Bugün fon farklıdır ve iç tartışma, bununla ilgilidir: askerin hakiliği, o fona
rengini çalmıştır. Oraya turuncu, kırmızı başka bir renk eklemeye çalışanlar,
sırtlarını nereye dayadıklarını sorgulamak zorundadırlar.

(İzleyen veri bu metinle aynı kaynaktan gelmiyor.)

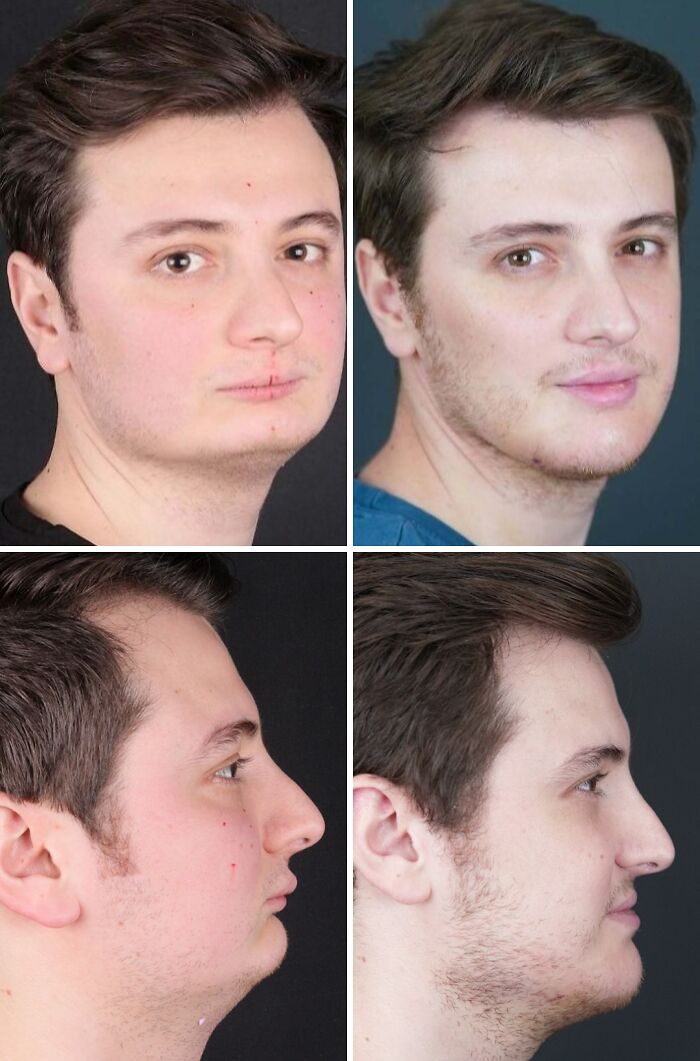 Before and after cosmetic surgery in Turkey showing significant changes in a young man's facial appearance from multiple angles. Before and after cosmetic surgery in Turkey showing significant changes in a young man's facial appearance from multiple angles.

Foti ve Yıldırım da Ayşe Hür gibi müesses nizama
vurgu yapmakta, “Erdoğan-ordu ikiliği”ne işaret etmekte, asıl sorunun
“birlik-bütünlüğü kim sağlayacak?” olduğunu söylemektedir.[4] İki yazar, Özgür
Dünya’nın akademyasına sıcak gelecek kavramlarla boğdukları yazılarında, “bir
teknokrat nasıl düşünür?” sorusuna cevap vermekte, ordunun doktrin merkezindeki
bir subay gibi akıl yürütmekte, sınıfsız sınırsız bir birlik-bütünlük
önkabülüyle kalem oynatmaktadır.
Oysa bu kadar taklaya gerek yoktur: zira herkes,
Rex Sineması yazısı ve 1935 tarihli resimde görüldüğü üzere,
birliğin-bütünlüğün adresini çoktan bulmuştur. Bu açıdan iki yazarın, “Kürd
hareketi, Gezi dinamiği ve işçi hareketi arasındaki birleşme, Türkiye’nin
otoriteryan gidişatını durduracak yegâne umuttur” demesine hacet yoktur.
Ayrıca bu teknokrat aklın
bir karşılığı bulunmamaktadır. Soyut, pirüpak bir yerde durup, masanın üzerinde
bulduğu malzemeden kitle çıkartmaya çalışmak, saçmalıktır. Sayılan üç dinamiğin
içini kim oydu, aradaki bağları kim koparttı, politik ağırlığını kim
hafifletti, asıl buralara bakmak gerekir. Bu, korkuluğa konmuş kargaların işi
değildir. Onlar, günahlarını, suçlarını, hatalarını Neşet Baba gibi kendinde
görecek bir hasletten yoksundurlar.
Eren Balkır
7 Ocak 2017
Dipnotlar
[1] Ege E., “Sinema Rex ve Hatırlattıkları”, Aylak Karga.
[2] “1978: One Last Fling in Iran Before the
Revolution”, 4 Şubat 2015, Guardian.
[3] Aytek Soner Alpan, “Nereden Çıktı Bu Cihat ve
Cihatçılar”, 3 Ocak 2017, Sol.
[4] Foti Benlisoy ve Barış Yıldırım, “Turkey’s Fragile
Bonapartism”, 6 Ocak 2017, Left East.